RV: When did you actually start singing?
JH: I started singing when I was 6. My father was the pastor at Warren
A.M.E. Church, A.M.E is for African, Methodist, Episcopal Church. The
Episcopal Church was the one that the English ship captain belonged to
who transported and dumped over 180 slaves. When they came ashore, they
had to provide the information about where they came from, and John
Nelson, the ship’s captain, was found out. He was so sorry for what he
did, and he started going to church and wrote the classic hymn, “Amazing
Grace.”
RV: Many a good singer began their musical journey in a church choir.

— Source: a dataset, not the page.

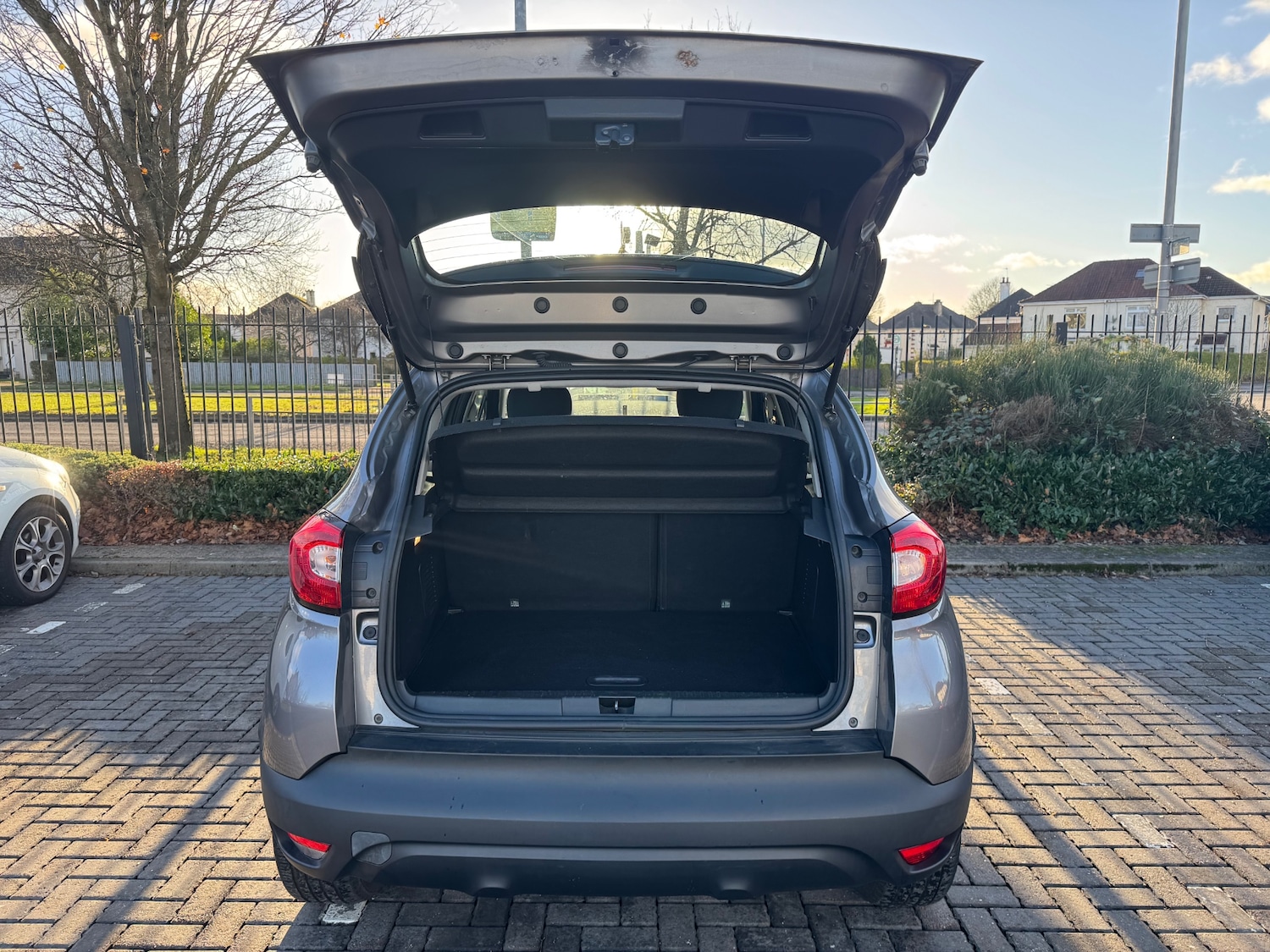 Used Renault Captur 2015 for sale - 76626588: Photo 9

Tell me more about your working relationship with Art Tatum.
JH: My mother would save my supper for me, because she knew I was up at
Art’s getting my nightly lessons. I’d leave about 9 p.m. and I wouldn’t
come back until 2 or 3 a.m. the next morning. Everybody of any
consequence who played an instrument, that means all the great bands,
Benny Goodman’s entire band, was listening to Art Tatum.
Louis Armstrong heard me, and said, “Boy, you can sing!” I said, “Thank you very much.”

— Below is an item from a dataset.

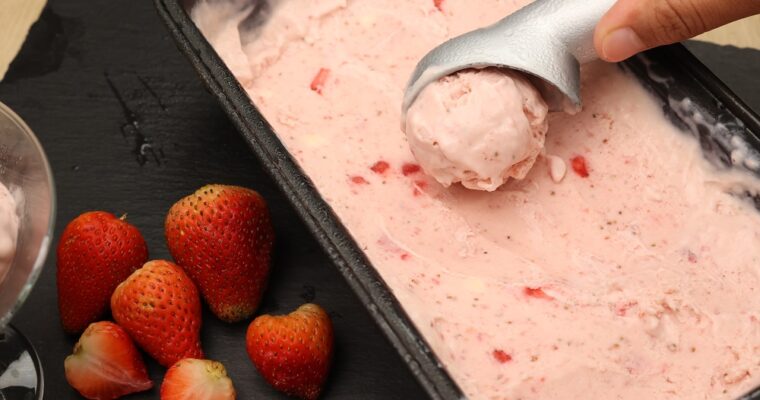 Homemade Strawberry Ice Cream (FRESH!)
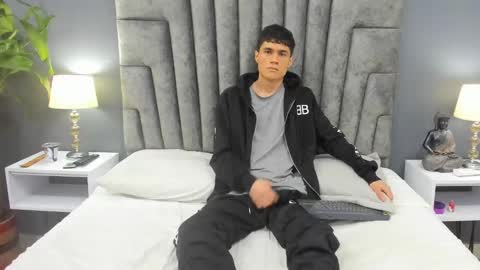 Roan Birkin online show from February 21, 8:38 pm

He said, “What are you doing tomorrow about 12 O’clock?” I said,
“Nothing.” He said, “Come to the place I’m staying. (You know they
couldn’t check into the White hotels, and there weren’t any hotels in
the ghetto, so he had to get a room in a boarding house. So he said,
“Come by and wake me up and I’ll take you for a walk.” So I got up and I
went down to the boarding house where he was staying and he was dressed
and ready-you know most people would make you wait, but he was dressed
and ready. We walked down Indiana Avenue to the downtown area and across
the street and all the way back down into the ghetto. He talked all the
way down and all the way back. He said, “You know something? You remind
me of me when I was the little cat. I knew all I wanted was to learn to
play the trumpet.”
RV: How incredible that you met Art Tatum and Louis Armstrong. Louis,
like you, was so entertaining and joyous. I recall reading some
musicians didn’t dig his persona because he was entertaining.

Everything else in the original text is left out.